If a portfolio's marketing materials say things like "we beat the S&P 500 by 4% per year," ask which version of the S&P 500. If they can't tell you, or if they say "the S&P 500" as if there's only one version, you're looking at the inflated comparison.
The same trick applies to any benchmark. The Russell 2000, the MSCI EAFE, the Nasdaq Composite: all of these have price and total return versions. Always confirm which one is being used in the comparison.
Why we use S&P 500 Total Return
Every Advising Alpha portfolio is benchmarked to the S&P 500 Total Return. We've been explicit about this from the start. The reason is simple: we're not interested in flattering our outperformance. We want our members to see the honest comparison.
This means our published outperformance numbers are smaller than they would be against a price-only benchmark. Core 20's 25-year outperformance over the S&P 500 TR is meaningful but not enormous. If we were comparing against price-only S&P 500, the numbers would look 1.5% to 2% better per year, which compounds into double the apparent dollar advantage. We don't do that. We compare against total return because that's the math that matters to our members' actual outcomes.

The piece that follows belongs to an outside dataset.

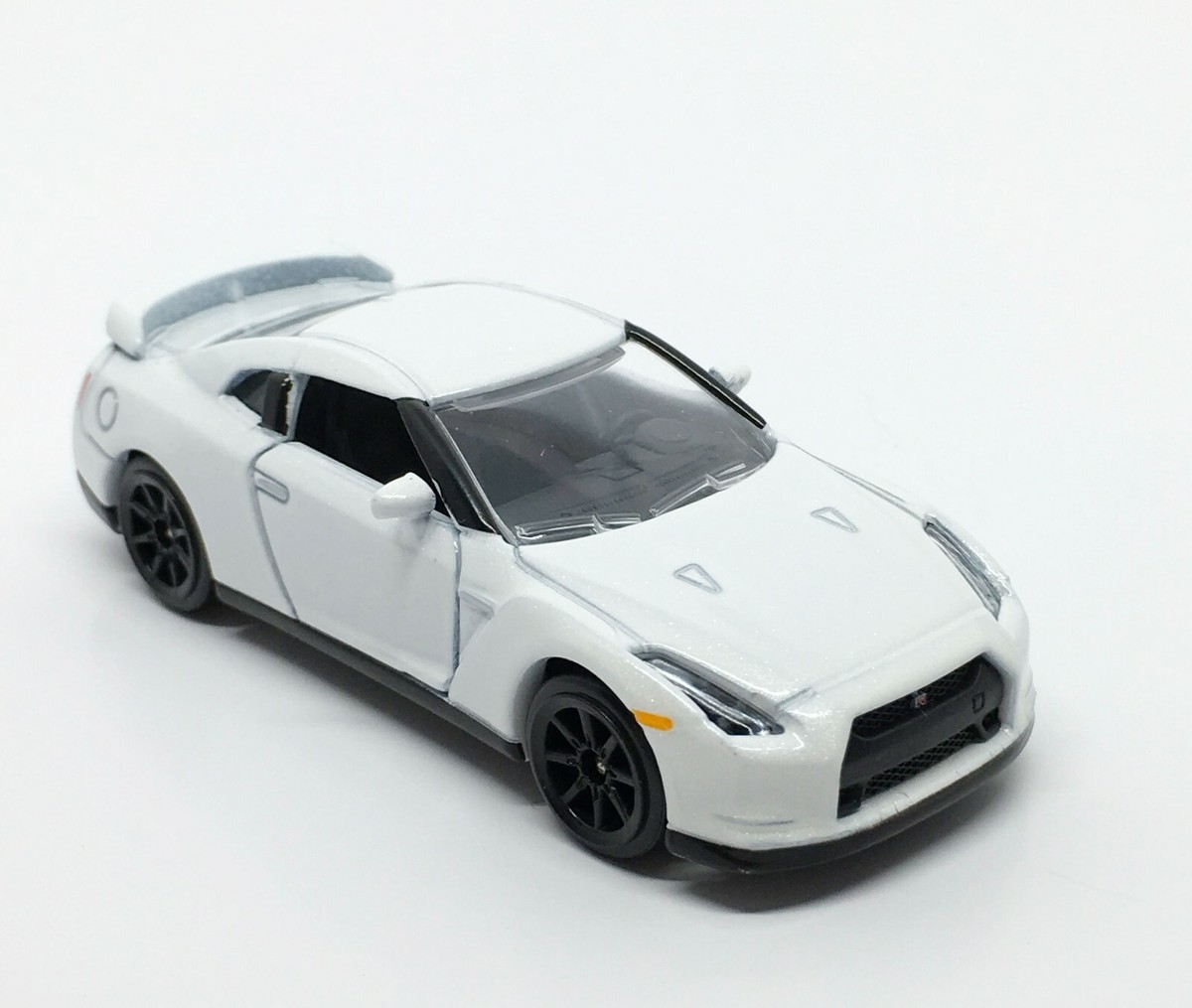 Majorette Nissan GT-R R35 White (Upper Logo) - Wheel 8SB 1:61 (3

This is also why we cite "$10,000 invested in 2001 grows to $X" type numbers using total return for both the portfolio and the benchmark. If the benchmark is price-only and the portfolio is total return, the dollar comparison is misleading. The honest comparison uses the same convention on both sides.
The bottom line
Total return is the measure of investment performance that includes dividends. Price return excludes them. The gap for U.S. stocks is roughly 1.5% to 2% per year. Compounded over 25 years, that's the difference between $10,000 growing to $68,000 (price-only S&P 500) or $108,000 (total return S&P 500).
The most common dishonest comparison in retail investing is portfolio total return vs. benchmark price return. This inflates apparent outperformance. Every reputable performance comparison uses total return on both sides.
Whenever you're evaluating any investment performance comparison, look for the words "Total Return" or "TR" in the benchmark. If they're missing, the comparison is probably less impressive than it looks. If you're comparing your own portfolio's returns to a benchmark, make sure you're comparing apples to apples.
The 1.5% per year gap between price and total return seems small. Over a career it's the difference between average wealth and significantly more wealth. That's how compounding works. The small details matter more than the headline.